What to Do if You Have Prolonged Abdominal Pain

A stomachache that comes and goes but never actually goes away for good can be uncomfortable and frustrating. If you experience at least three of these over a three month period, and they are painful enough to stop you from taking part in everyday tasks and activities, then you have what is known as recurrent abdominal pain or RAP. The best treatment for you will depend on what is causing the pain.

What Causes Recurring Abdominal Pain?

Both adults and children can have RAP for several reasons, including various underlying health conditions.

In children, it might be caused by anxiety or depression, lactose intolerance, which is trouble digesting the sugar in dairy products, constipation heartburn, urinary tract infections, or abdominal migraines, which is stomach pain that comes back a lot with no known cause.

In adults, RAP can be caused by indigestion, stomach ulcers, constipation, problems with the liver or gallbladder, bowel conditions such as irritable bowel syndrome or inflammatory bowel disease, urinary tract infections, parasitic infections, or cancer. However, both adults and children can suffer from RAP that is not caused by a clear medical problem.

If you have been experiencing RAP, you can book a consultation with an expert surgeon to find out more about the potential underlying cause of the issue and discuss treatment options. Circle Health Group has private general surgeons and other healthcare professionals who can diagnose and treat underlying causes of abdominal pain. They offer private treatment across the UK.

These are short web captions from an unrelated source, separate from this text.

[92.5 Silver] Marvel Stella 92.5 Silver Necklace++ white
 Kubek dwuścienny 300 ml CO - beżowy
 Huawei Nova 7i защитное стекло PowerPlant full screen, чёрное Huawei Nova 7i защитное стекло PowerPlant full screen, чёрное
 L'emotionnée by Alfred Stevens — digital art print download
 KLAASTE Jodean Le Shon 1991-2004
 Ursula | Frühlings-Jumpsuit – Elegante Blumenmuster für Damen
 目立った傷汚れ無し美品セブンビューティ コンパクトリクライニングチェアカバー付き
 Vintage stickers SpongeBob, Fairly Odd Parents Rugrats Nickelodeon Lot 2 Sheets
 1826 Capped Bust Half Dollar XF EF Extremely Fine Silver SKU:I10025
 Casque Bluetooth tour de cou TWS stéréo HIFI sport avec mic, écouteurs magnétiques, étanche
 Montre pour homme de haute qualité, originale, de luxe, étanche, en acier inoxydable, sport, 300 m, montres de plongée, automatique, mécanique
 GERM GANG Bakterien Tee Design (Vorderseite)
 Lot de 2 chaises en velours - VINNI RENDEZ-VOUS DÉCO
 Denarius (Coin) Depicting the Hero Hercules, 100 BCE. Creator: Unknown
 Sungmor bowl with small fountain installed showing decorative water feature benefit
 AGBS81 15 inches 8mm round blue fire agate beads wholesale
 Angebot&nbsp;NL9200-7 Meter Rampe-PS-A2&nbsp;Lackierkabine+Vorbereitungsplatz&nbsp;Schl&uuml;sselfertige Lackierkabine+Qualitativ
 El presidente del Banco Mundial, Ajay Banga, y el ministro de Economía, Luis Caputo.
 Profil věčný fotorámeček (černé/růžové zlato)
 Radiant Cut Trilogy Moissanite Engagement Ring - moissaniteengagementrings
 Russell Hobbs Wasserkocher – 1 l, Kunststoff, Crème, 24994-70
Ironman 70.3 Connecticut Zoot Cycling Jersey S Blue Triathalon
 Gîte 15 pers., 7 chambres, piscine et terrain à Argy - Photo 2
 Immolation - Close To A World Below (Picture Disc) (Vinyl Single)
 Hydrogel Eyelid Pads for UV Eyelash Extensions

The symptoms of RAP may vary for different people. In some cases, the pain might be ongoing, while for other people it could start and stop without warning. Some people have sharp cramps, while others describe it as a dull stomachache. Along with pain, people experiencing RAP might have other symptoms such as nausea, constipation, diarrhoea, and vomiting.

When to See a Doctor

In most cases, RAP might be caused by something that is likely to go away on its own and can easily be managed at home with over-the-counter medications, rest, or dietary changes. You should contact your doctor if you have symptoms such as severe pain, trouble swallowing, nausea that isn’t going away, stomach swelling, tenderness when touching the stomach, blood in your urine, vomit, or faeces, and yellow-looking skin, fever, or unintentional weight loss. For a child, you should also call the doctor if they are experiencing pain on the right side of the stomach, lots of vomiting, or severe diarrhoea that does not go away.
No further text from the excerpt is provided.